Robberies and aggravated battery incidents reported on the CTA in 2012 were down by 21 percent and nearly 12 percent respectively compared to 2011, the CTA reports.The total reduction for those violent crimes was 19 percent.
On the down side, thefts were up almost 16 percent over 2011, "much of that attributable to thefts of cell phones and other electronic devices."
With this news release, the CTA took the opportunity to remind us of steps it has taken to improve safety:
Over the past year, CTA and Chicago Police Department have taken other steps to enhance bus and rail system security, including:
- Continued implementation of Rail Saturation Missions by CPD’s Public Transportation Section.
- Assignment of CPD detectives responsible for CTA video enforcement and deterrence initiatives.
- Doubling the size of the CTA Security Department by filling previously vacant, budgeted positions and creating three new positions, which include two former detectives and two security specialists.
- The restructuring of CTA’s Security Department to adopt a regional approach to policing, which mirrors the structure of CPD and will allow security staff to become more familiar with their assigned locations and work in conjunction with CPD detectives assigned in each region.
- Creation of a new, modern video surveillance room 12 times larger than the previous facility, featuring nearly three dozen displays for CTA security personnel and assigned police detectives to review video from buses and trains and access live, real-time feeds from rail system cameras.
Combined, these new initiatives will allow for improved video surveillance, quicker response and greater efficiency of resources among CTA and CPD personnel responsible for investigating crimes, mining evidence and intelligence provided by CTA’s camera network, analyzing criminal trends and patterns and conducting real-time remote surveillance missions.

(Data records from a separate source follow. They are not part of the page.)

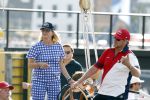 Amsterdam 20 augustus 2025
Koning Willem Alexander Prinses Mabel en (prinses Luana ) Gravin Luana op de groene Draeck tijdens de eerste dag van Sail Amsterdam . Er vaart ongelofelijk veel beveiliging Politie in boten op jet skis en een speciaal beveiligingsteam van de Marechaussee BSB ( Brigade Speciale Beveiligingsopdrachten ) mee met de groene Draeck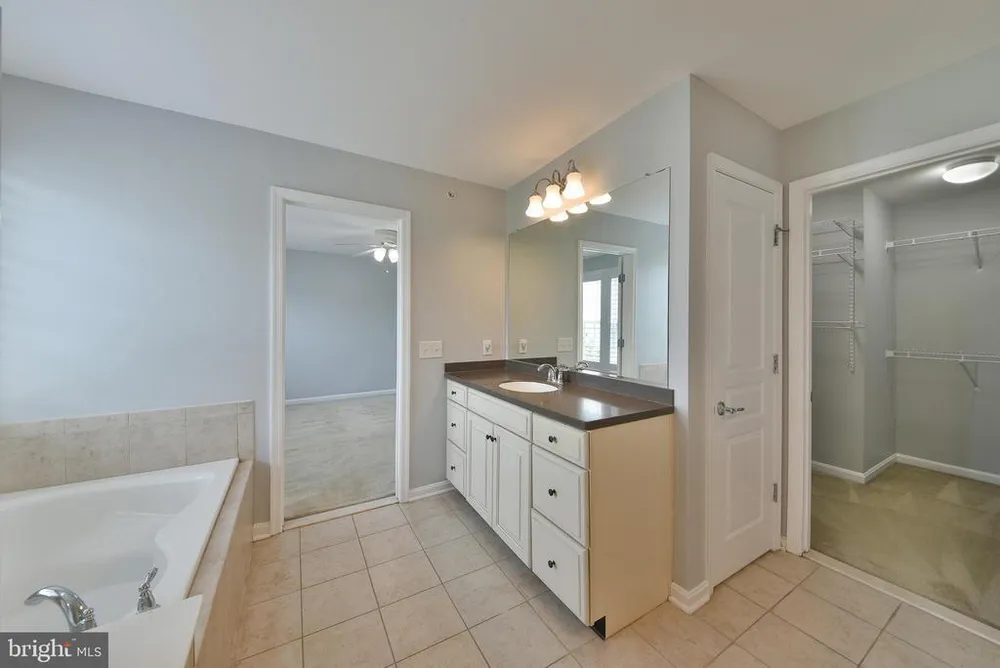 504 Ellison Dr, North Wales, PA 19454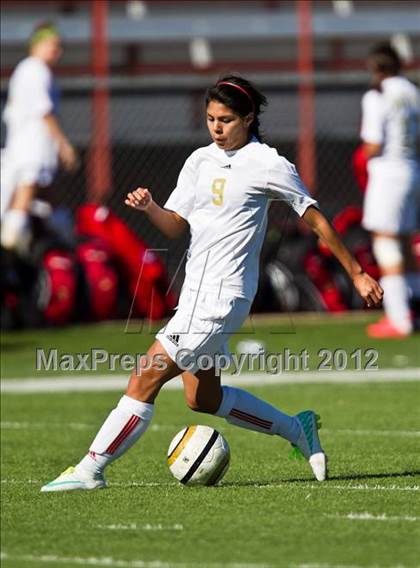 Thumbnail 2 in South Grand Prairie vs. Sunset (Emily Hunter Fish Bowl Tournament) photogallery.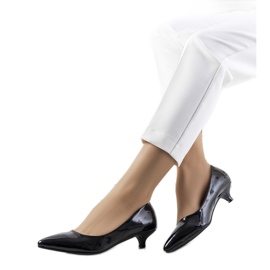 BM Zapatos de salón Colorado negros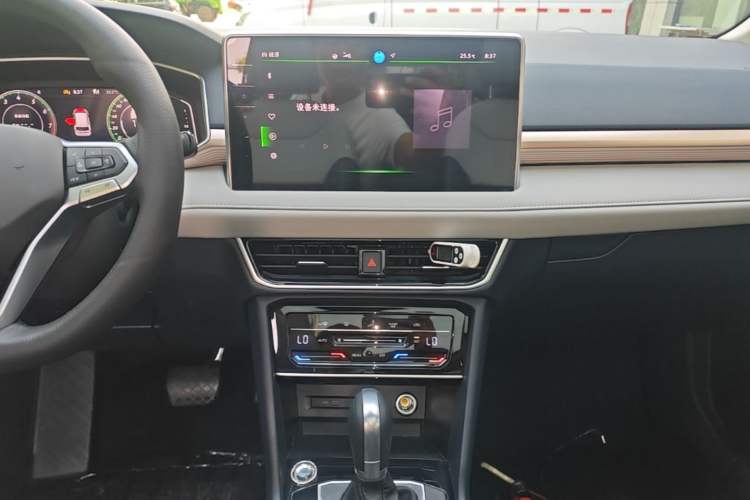 Used Volkswagen Tharu 2024 300TSI Two-Wheel-Drive Full Moon Edition Audio And AC Panel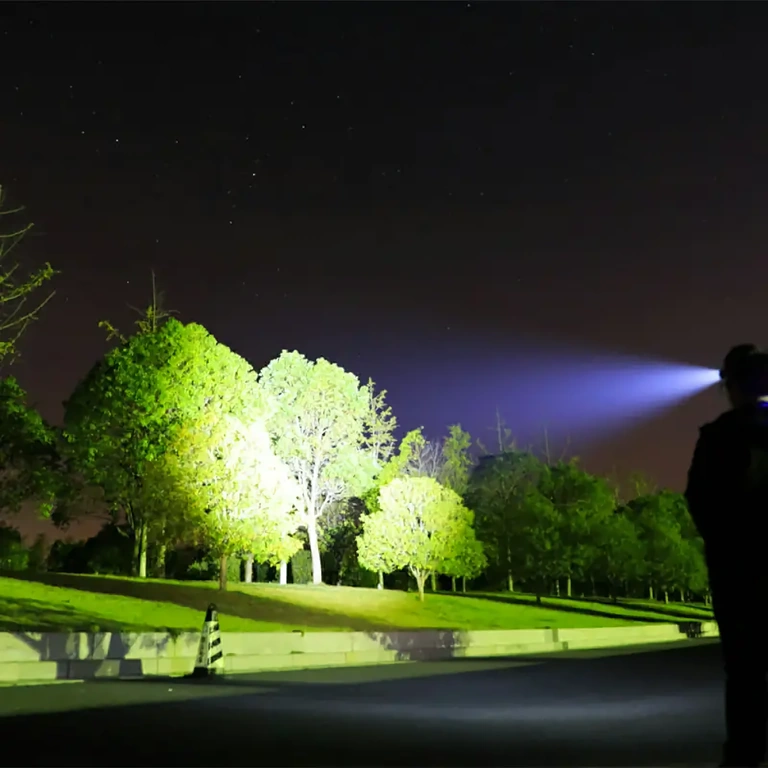 LED fejlámpa kempinghez, horgászathoz és túrázáshoz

Interestingly, in the same new release the CTA refuted a Sun-Times story that reported crime at CTA rail stations rose 21 percent in 2102. The release says the Sun-Times story "fails to provide context to those numbers. . . . For example, the most common rail station crime—fare evasion—was up 41 percent, contributing to much of the overall increase."
“We are committed to addressing fare evasion as part of our strategy to aggressively prevent would-be offenders from committing more serious crimes,” said Police Superintendent Garry McCarthy.
Additionally, the crime stats include offenses of all varieties, from vandalism to theft of CTA signs to trespassing—crimes that don’t directly impact the safety and security of CTA customers.